(Data extracted from a collection)
--- START ---
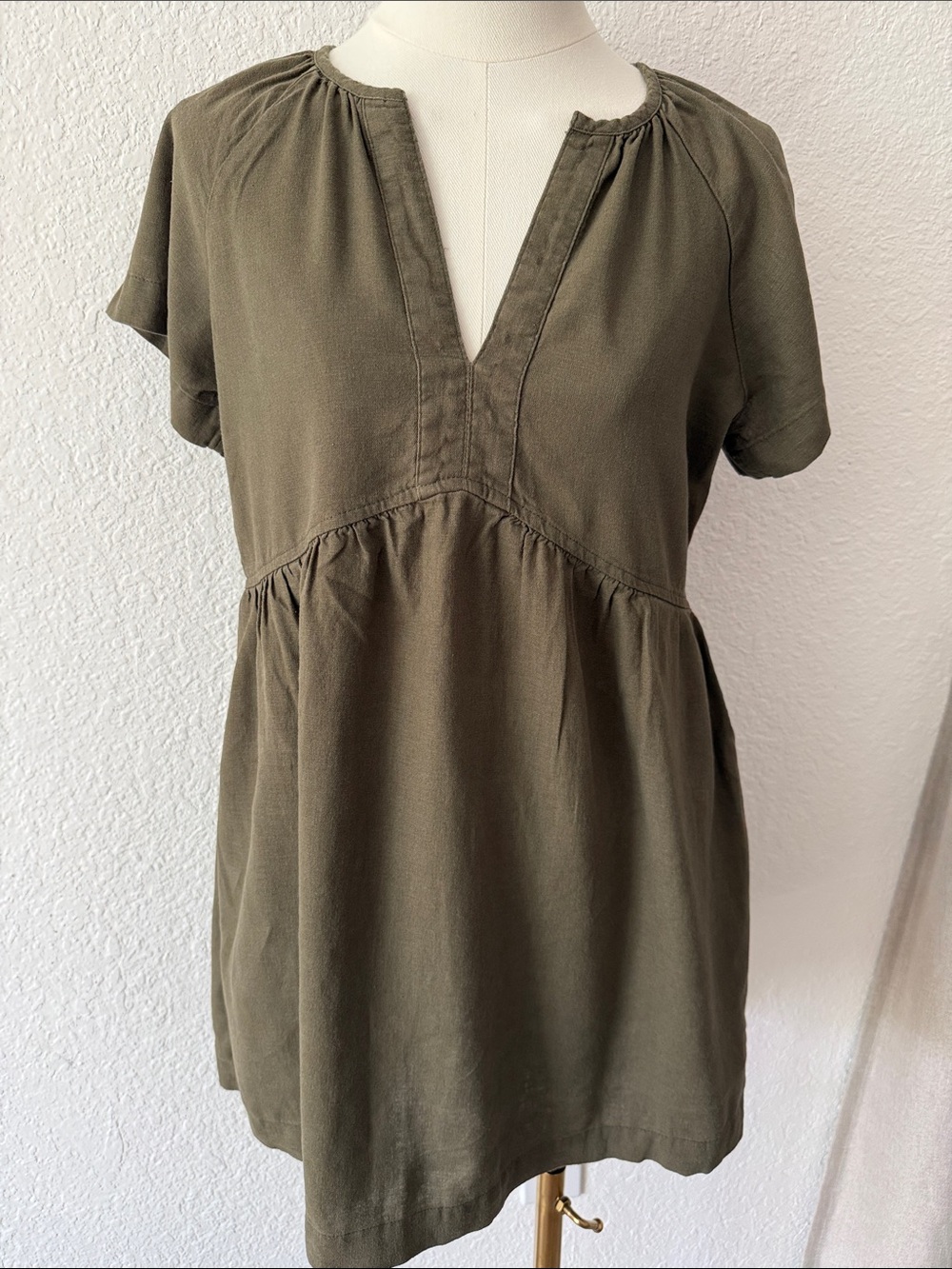 Universal Thread Olive V-Neck Short Sleeve Tunic
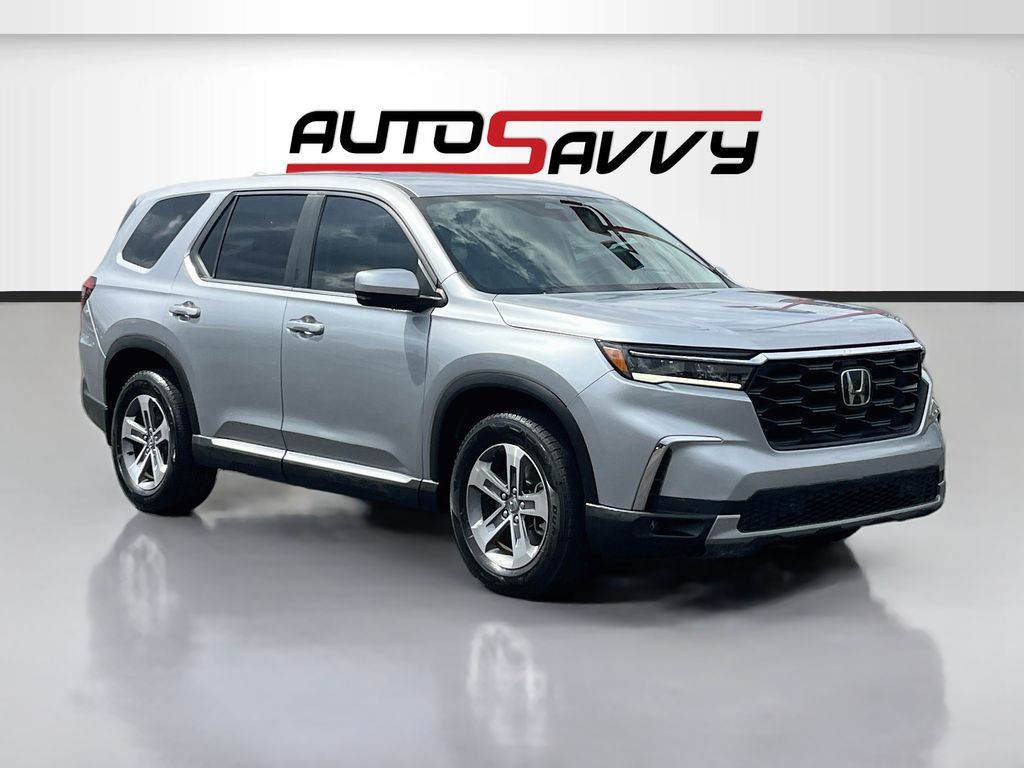 2024 Honda Pilot EX-L w/Rear Captain's Chairs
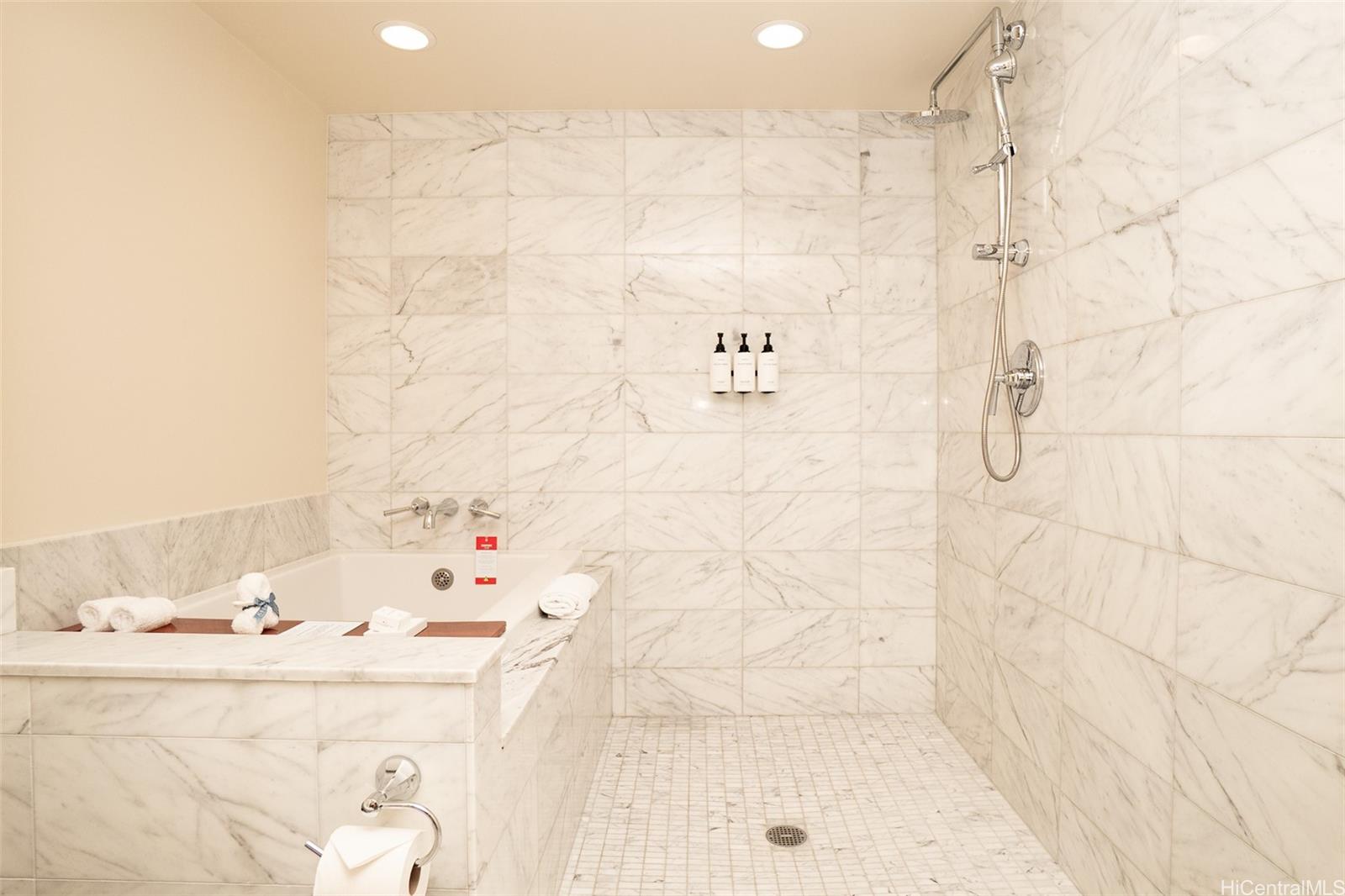 Trump Tower Waikiki condo # 2109, Honolulu, Hawaii - photo 12 of 20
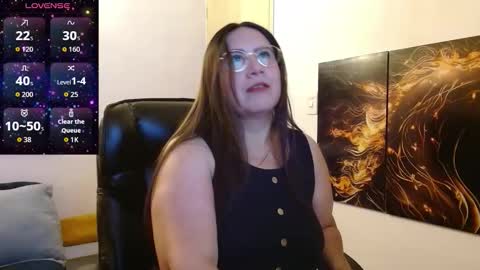 Snapshot of amalia_brunette chatting on January 2026 11:19:01 PM AMALIA online show from January 2026 11:19:01 PM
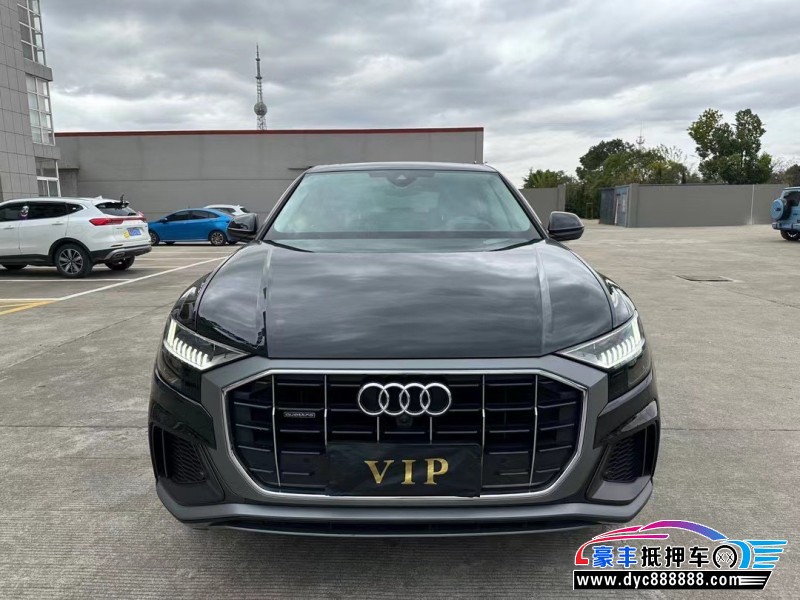 23年奥迪Q8轿车抵押车出售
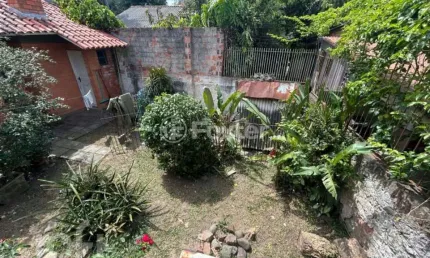 Casa com 4 quartos à venda na Rua Doutor Fernando Ortiz Schneider, 11, Partenon, Porto Alegre, 257 m2 por R$ 819.000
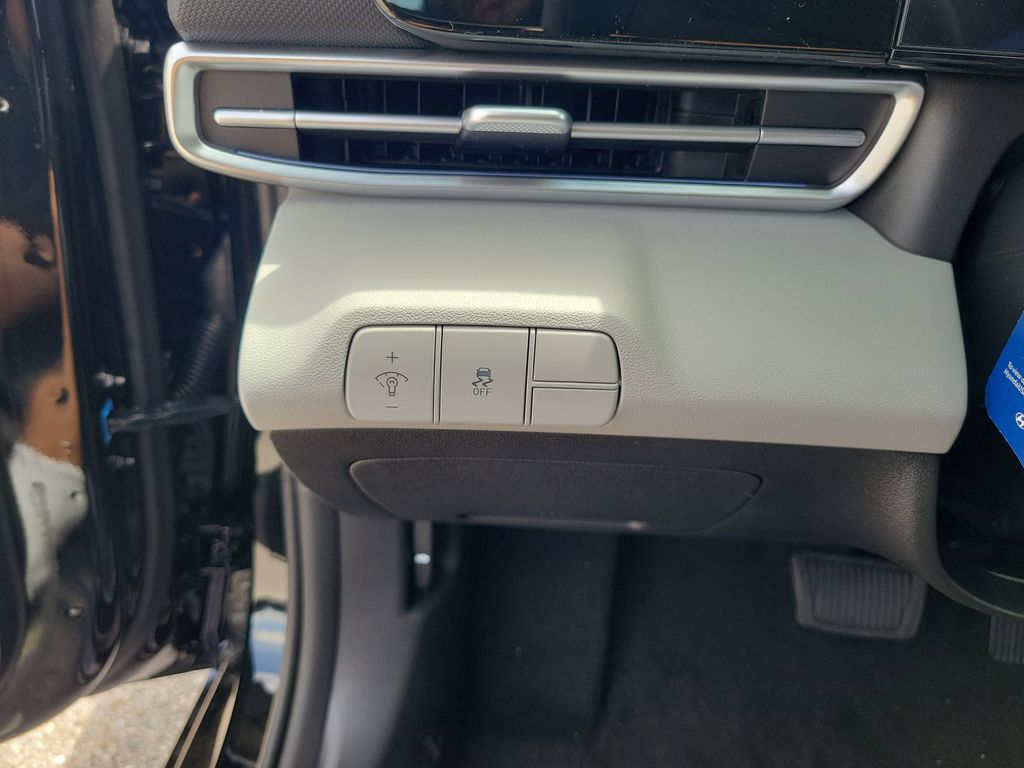 Thumbnail: 2026 Hyundai Elantra - 32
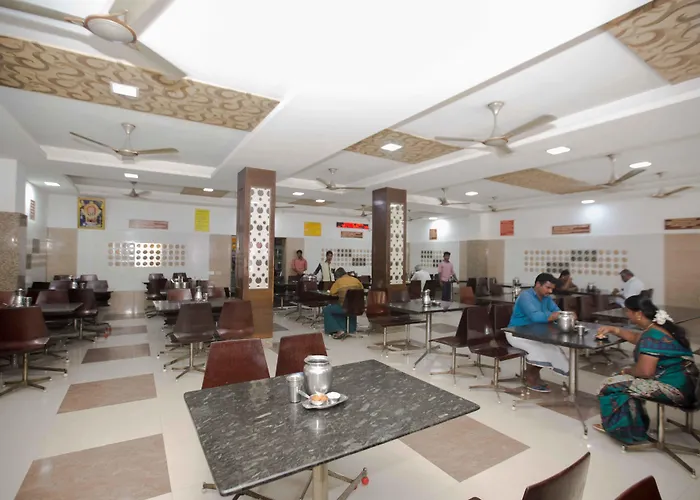 Hotel Sownthariyam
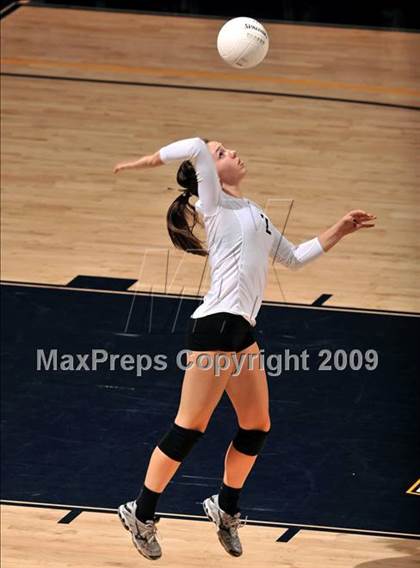 Thumbnail 2 in Archbishop Mitty vs. Redlands East Valley (CIF State D2 Final) photogallery.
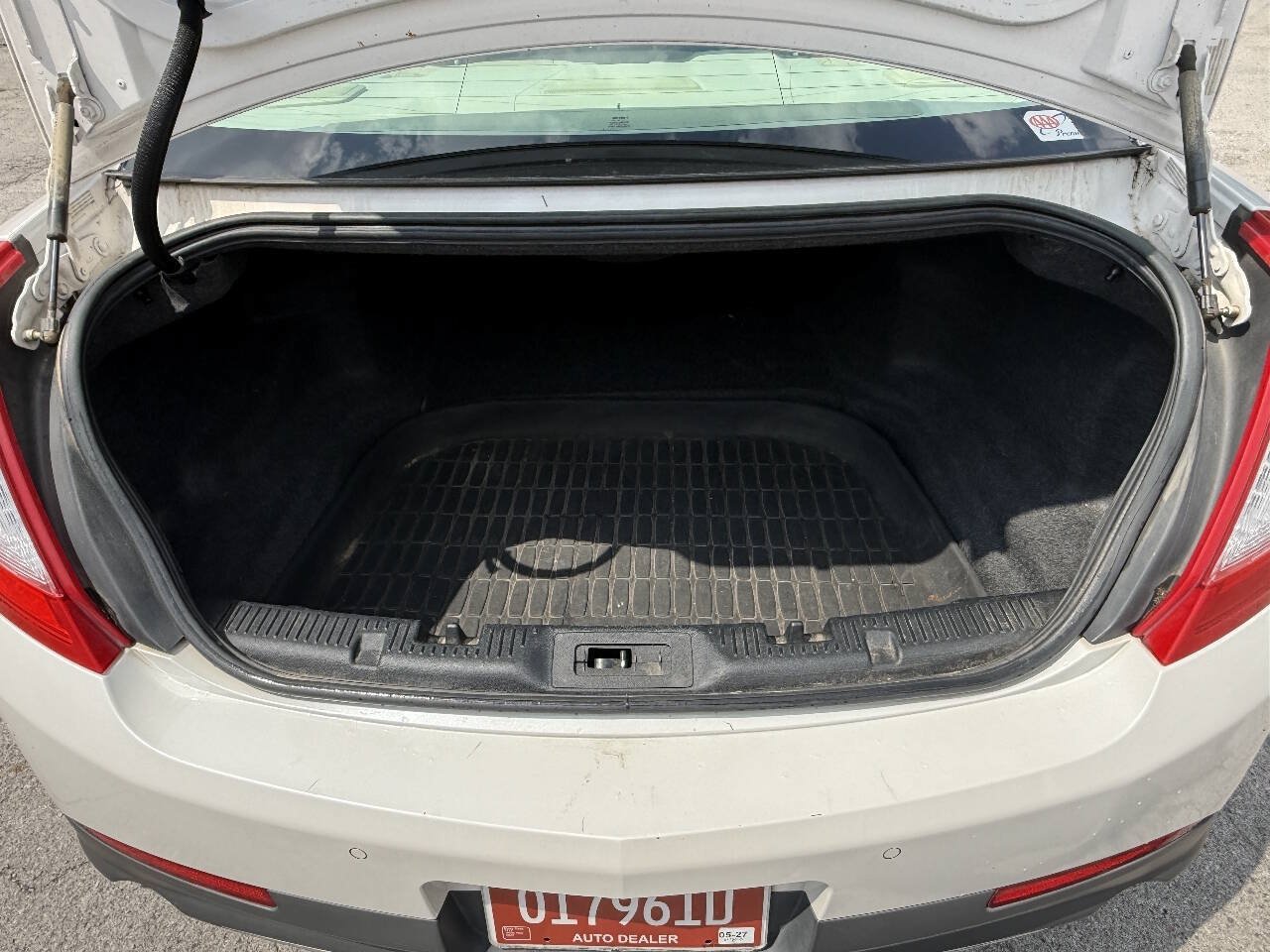 Used 2016 Lincoln MKS AWD w/ Equipment Group 101A image 39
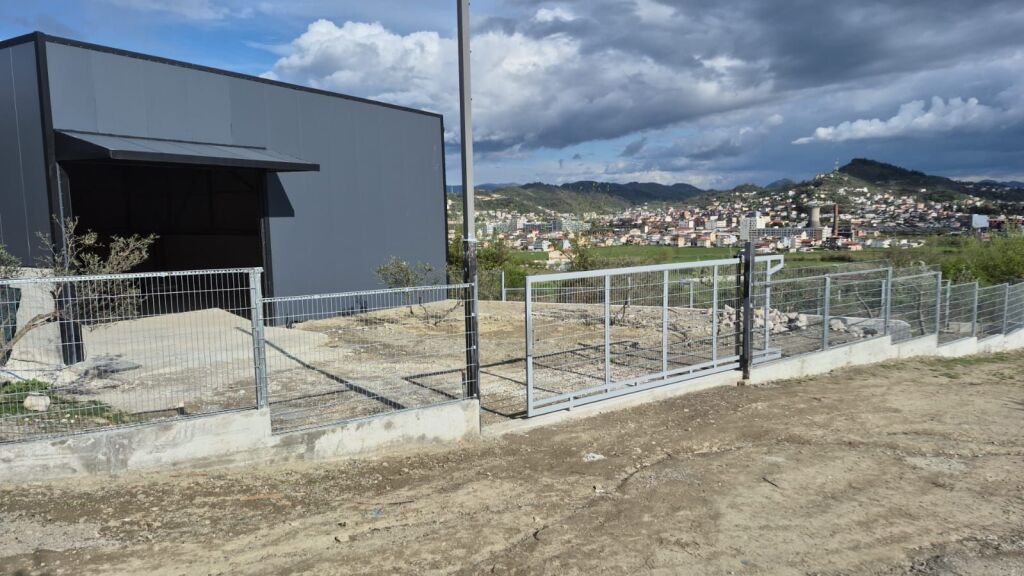 WAREHOUSE FOR RENT 250M2 FUSHE MEZEZ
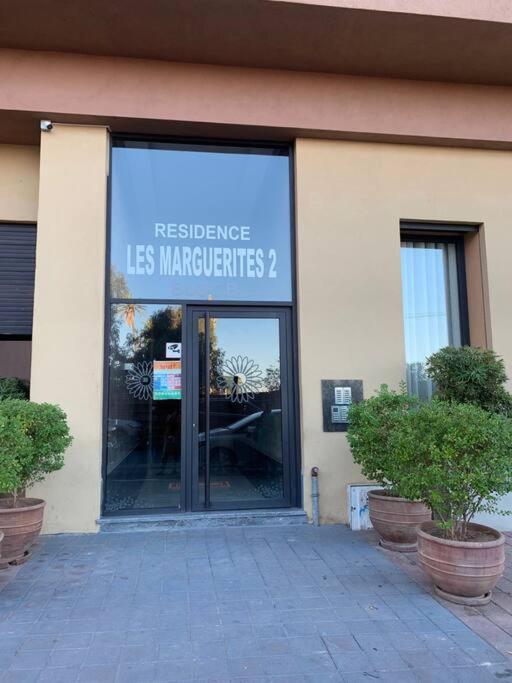 Appartement Neuf Climatise, Centre Marrakech. มาร์ราเกช ภายนอก รูปภาพ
--- END ---
## Task to complete
From the first line to the last, retype the data above exactly, but not its images.

## The completed task
 Universal Thread Olive V-Neck Short Sleeve Tunic
 2024 Honda Pilot EX-L w/Rear Captain's Chairs
 Trump Tower Waikiki condo # 2109, Honolulu, Hawaii - photo 12 of 20
 Snapshot of amalia_brunette chatting on January 2026 11:19:01 PM AMALIA online show from January 2026 11:19:01 PM
 23年奥迪Q8轿车抵押车出售
 Casa com 4 quartos à venda na Rua Doutor Fernando Ortiz Schneider, 11, Partenon, Porto Alegre, 257 m2 por R$ 819.000
 Thumbnail: 2026 Hyundai Elantra - 32
 Hotel Sownthariyam
 Thumbnail 2 in Archbishop Mitty vs. Redlands East Valley (CIF State D2 Final) photogallery.
 Used 2016 Lincoln MKS AWD w/ Equipment Group 101A image 39
 WAREHOUSE FOR RENT 250M2 FUSHE MEZEZ
 Appartement Neuf Climatise, Centre Marrakech. มาร์ราเกช ภายนอก รูปภาพ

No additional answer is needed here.